This announcement alongside the ongoing skills reforms, including the measures in our Skills and Post-16 Education Bill, which will make sure that everyone, no matter their background, can gain the skills they need, at any stage of their life, to kickstart an exciting career or to retrain and upskill for a new role.
We are investing £3.8 billion more in skills over the course of this Parliament, with Apprenticeships, T Levels, and the Lifelong Loan Entitlement our flagship programmes. In the Levelling Up white paper, the Government set out a new skills mission that will target 200,000 more people in England to help them complete high-quality training each year by 2030, including the aim of 80,000 more people completing courses in areas of England with the lowest skills levels.

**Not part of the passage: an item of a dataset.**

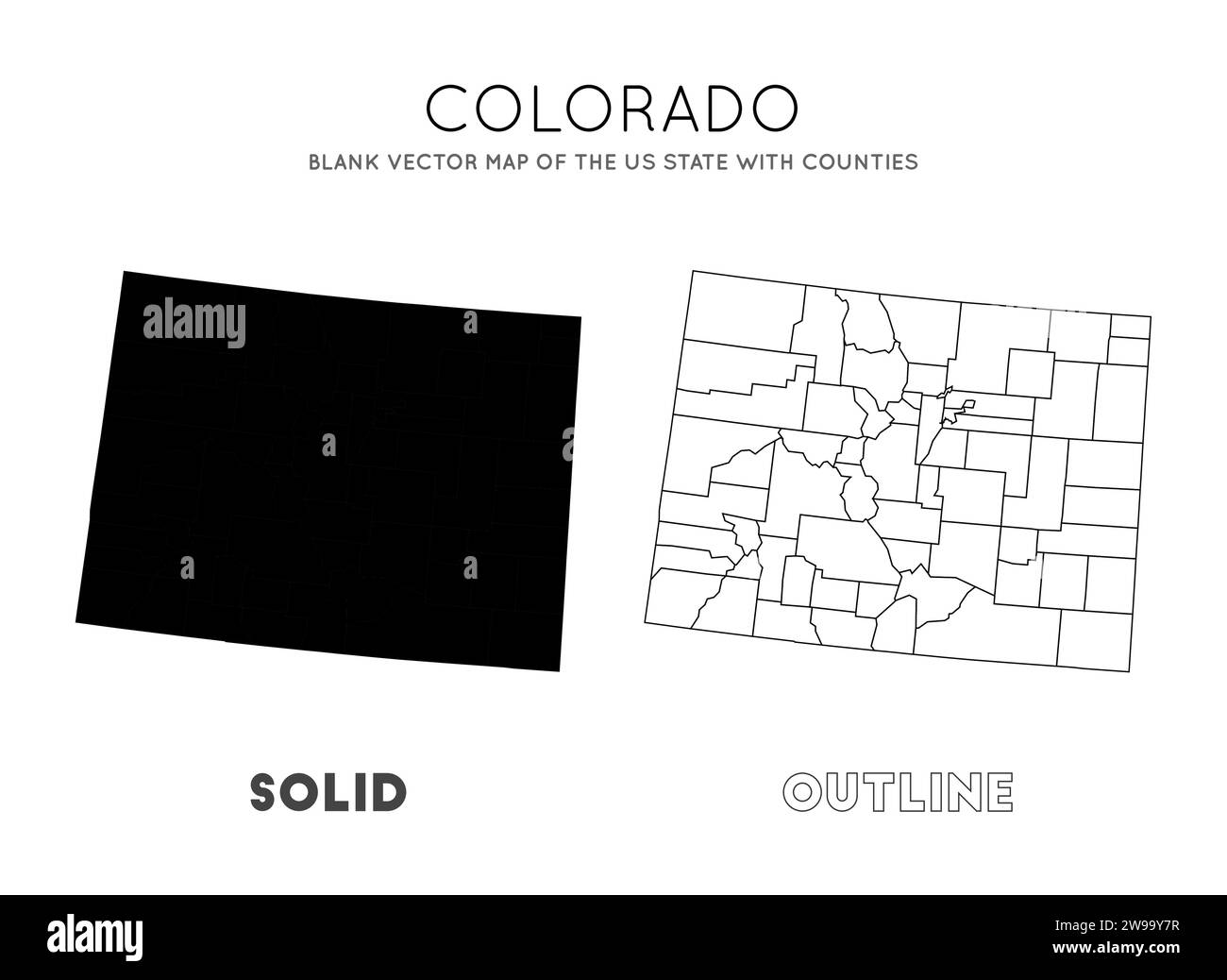 Colorado map. Blank vector map of the Us State with counties. Borders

Sir Philip Augar, Chair of the Post-18 Education Review panel said:
The Skills Bill already going through Parliament, the lifelong learning entitlement, the reforms to student finance and the refocussing of HE provide a framework that is fair, sustainable and has the potential to drive the whole economy forward. The package is consistent with the spirit of the report of the post-18 education panel that I had the privilege to chair and forms the basis of a properly connected further and higher education sector. That connection is long overdue.
Robert Colvile, Director of The Centre for Policy Studies said:
It’s encouraging to see the Government focus on delivering value for money both for students and taxpayers, and acting to address some of the most unfair aspects of the current system, which we’ve highlighted in our research. In particular it is welcome to see ministers address the extortionate level of the interest rate on student debt and the way a minority of poor-quality courses tarnish the reputation of the higher education sector – and the prospects of the students that take them. It’s also good to see the continued focus on apprenticeships and lifelong learning, as part of the overdue effort to diversify tertiary education beyond the traditional three-year degree.
Will Tanner, Director of Onward, said:
For too long many young people have been encouraged towards unsuitable degrees that do little to help their careers or even leave them financially worse off. The Government is right to put a stop to this and I hope that universities work with ministers to stamp out low-quality courses and ensure every young person is on their right path.
These reforms, coupled with a generous new National Scholarship Scheme for disadvantaged bright young people, could transform higher education for the better and help young people build better futures, irrespective of their background.
James Kirkup, Director of the Social Market Foundation, said:
The Lifelong Loan Entitlement has the potential to give more people the opportunities offered by Britain’s great universities and colleges, something that will only become more important as lifespans rise and careers get longer. It’s a chance for education providers and employers to work together to offer more education to more people in new and flexible ways, benefiting learners and the UK economy.
Degree apprenticeships are another good example of that sort of partnership and demonstrate how the different parts of the education and skills system can come together to offer new opportunities and support a more productive economy.
David Goodhart, Head of Skills and Training at the Policy Exchange think tank and author of Head, Hand, Heart: The Struggle for Dignity and Status in the 21st Century (Penguin):
These measures are another important step towards rebalancing post-school education and training. For too long we have been over-producing academically trained youngsters with low quality degrees who are unable to get graduate jobs, while employers are desperate for people with middle level technical and digital skills. The Lifelong Loan Entitlement should also help to reverse the plunge in part-time and mature students in higher education, while targeted investment boosts those higher academic skills that we do need in STEM disciplines.